Madhugandha Kulkarni (MR: मधुगंधा कुलकर्णी) is an Indian film, theatre and television person.

Career
Madhugandha Kulkarni is an Indian actress and screenwriter. She has done good work in Marathi films. These includes Harishchandrachi Factory, Taptapadi (2014), Elizabeth Ekadashi (2014) and Chi Va Chi Sau Ka (2017).

Personal life 
Kulkarni's childhood was spent in Pandharpur.
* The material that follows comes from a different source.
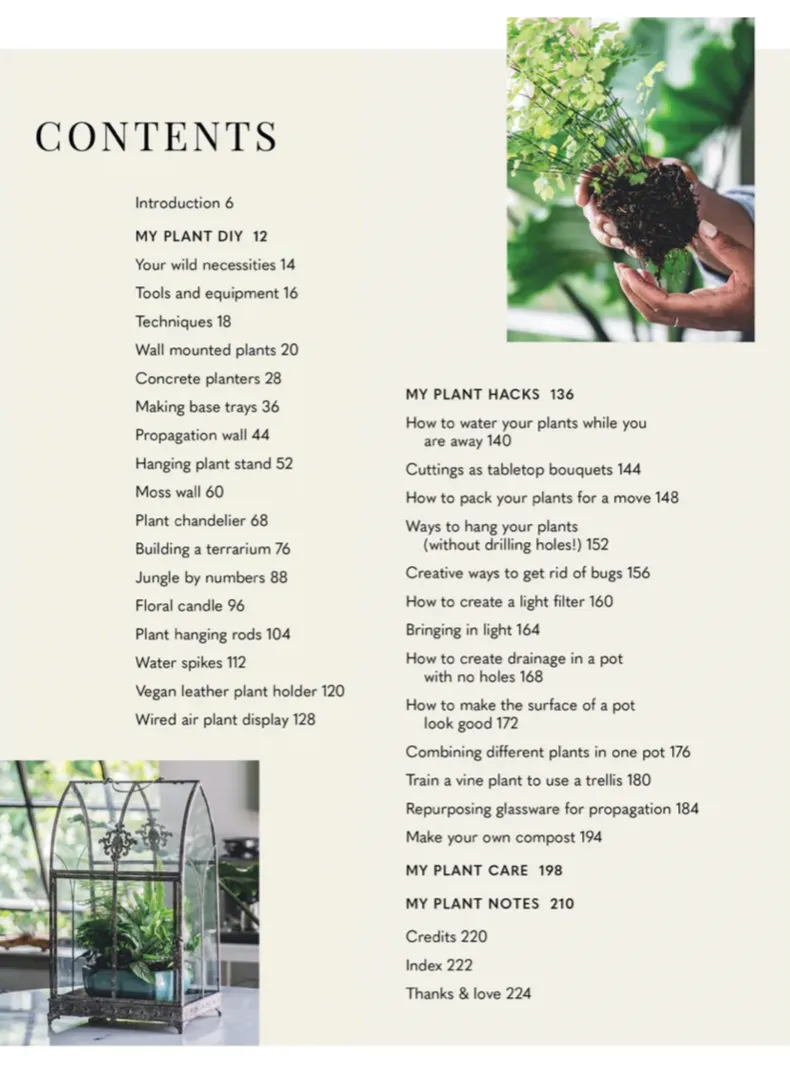 Wild Creations: Inspiring Projects To Create PLUS PLANT CARE TIPS   STYLING IDEAS FOR YOUR OWN WILD INTERIOR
She is married to Paresh Mokashi.

Work 
 Dialogue, story writer and co-producer of the film Chi Va Chi Sau Ka
 Dialogue, story writer and co-producer of the film Elizabeth Ekadashi, based on her childhood living in Pandharpur.
 Dialogue writer for the film Taptapadi.
 Screenplay co-writer for the film Chi Va Chi Sau Ka.
 Actor in film Pangira.
 Screenplay and dialogues for the television serial Chuk Bhul Dyavi Ghyavi.
 Actor in short film Baangdya.
 Actor in television serial Julun Yeti Reshimgathi.
 Writer of television serial Honar Sun Me Hya Gharchi.
 Writer of plays Tya eka valnavar and Lagnabambal. 
 Actor in plays Eka kalajachi goshta and Lali leela.